Ultradeep N-glycoproteome Atlas of Mouse Reveals Spatiotemporal Signatures of Brain Aging and Neurodegenerative Diseases

The current depth of site-specific N-glycoproteomics is insufficient to fully characterize glycosylation events in biological samples. Herein, we achieved an ultradeep and precision analysis of the N-glycoproteome of mouse tissues by integrating multiple workflows. The largest N-glycoproteomic dataset to date was established on mice, which contained 91,972 precursor glycopeptides, 62,216 glycoforms, 8,939 glycosites and 4,563 glycoproteins.
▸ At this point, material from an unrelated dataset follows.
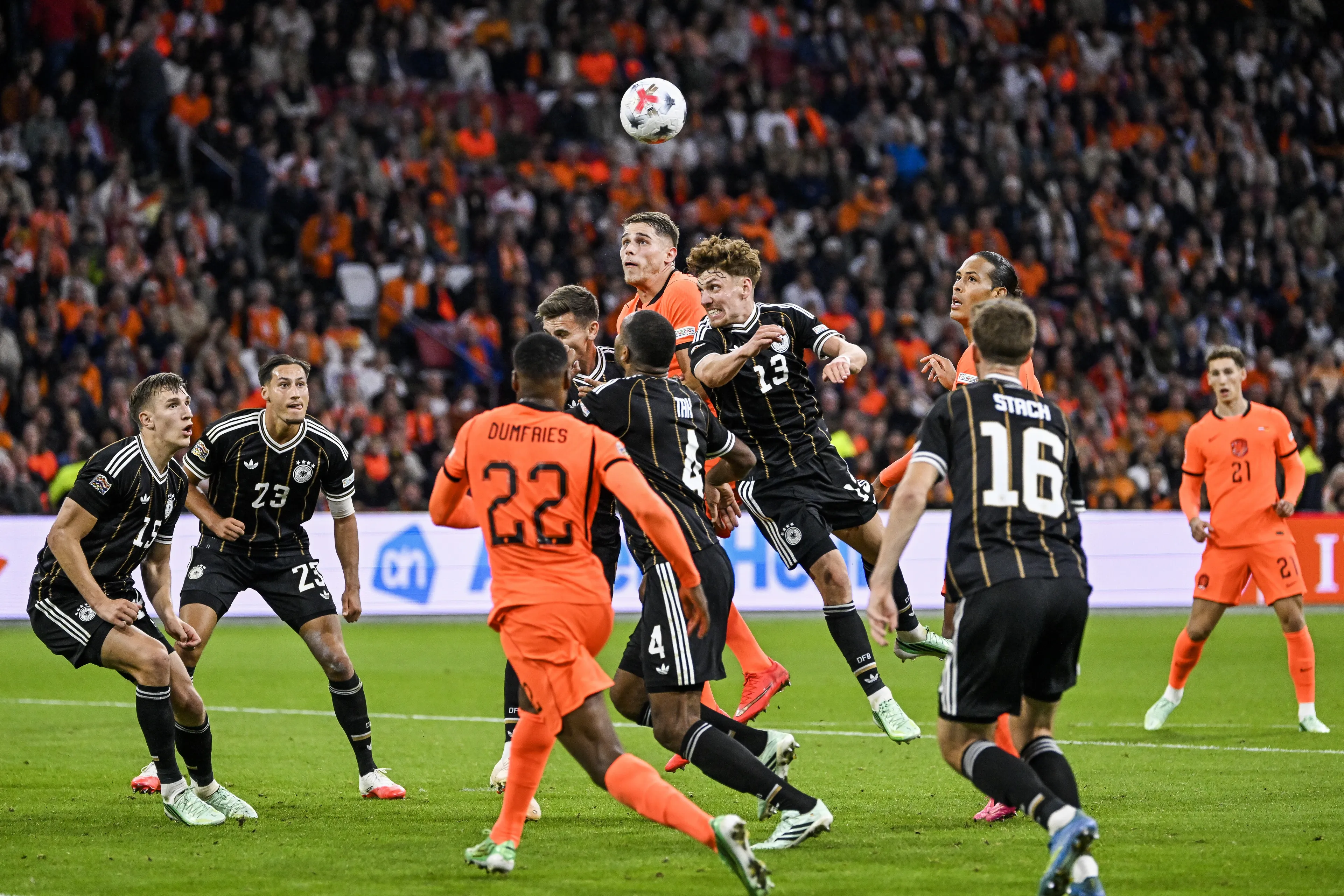Oranje ontsnapt tegen Duitsland bij debuut bondscoach Xavi: 1-1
The database consisted of 6.8 million glyco-spectra (containing oxonium ions), among which 160,928 were high-quality spectra with confident N-glycopeptide identifications. The large-scale and high-quality dataset enhanced the performance of current artificial intelligence models for glycopeptide tandem spectrum prediction. Using this ultradeep dataset, we observed tissue specific microheterogeneity and functional implications of protein glycosylation in mice. Furthermore, the region-resolved brain N-glycoproteomes for Alzheimer’s Diseases, Parkinson Disease and aging mice revealed the spatiotemporal signatures and distinct pathological functions of the N-glycoproteins. A comprehensive database resource of experimental N-glycoproteomic data from this study and previous literatures were further established. This N-glycoproteome atlas serves as a promising tool for revealing the role of protein glycosylation in biological systems.